I wonder if there is a correlation between the average rating of a driver and all the ratings he has issued to all the riders? I think there might be a relationship. We, the drivers, should be able to know what we have rated a passenger on average. We already see our ratings every day. And the correlation would show whether we have good karma or not with our passengers. Most of the time I believe it is mutual. If we tend to low-rate people, we would definitely be rated low or vice versa. If we constantly feel we will be rated low and act like it, we will only attract low rating.

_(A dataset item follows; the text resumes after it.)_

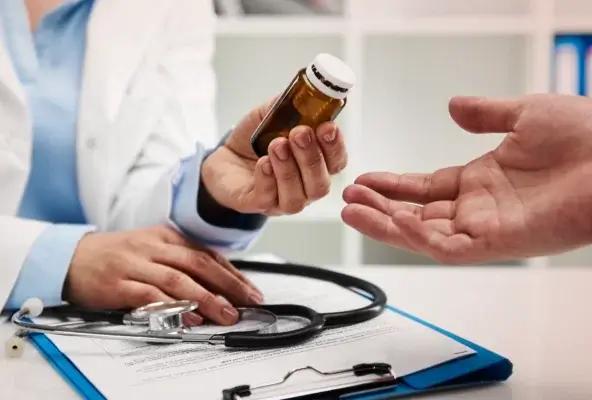 Healthcare provider holding a supplement bottle while discussing usage with a patient during a medical consultation.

We should be able to see this relationship published by Uber based on actual numbers.


----------



## Dakijan (Aug 5, 2014)

The correlation is always positive. The expectation is that good drivers will be paired with good passengers. That doesn't mean there aren't outliers.


----------



## grUBBER (Sep 11, 2014)

If he opens left door without looking, he is a 1
I don't give a **** any more


----------



## No-tippers-suck (Oct 20, 2014)

In my car I first need to unlock the reardoors otherwise they won't open.
Remembering a few times already where the rear passengers just wanted to jump out on a busy street without paying any type of attention to the traffic


----------



## painfreepc (Jul 17, 2014)

grUBBER said:


> If he opens left door without looking, he is a 1
> I don't give a **** any more


If client says turn left on 42th way and you turn left on 42th st, client gives you 1 star, client don't give a **** either.


----------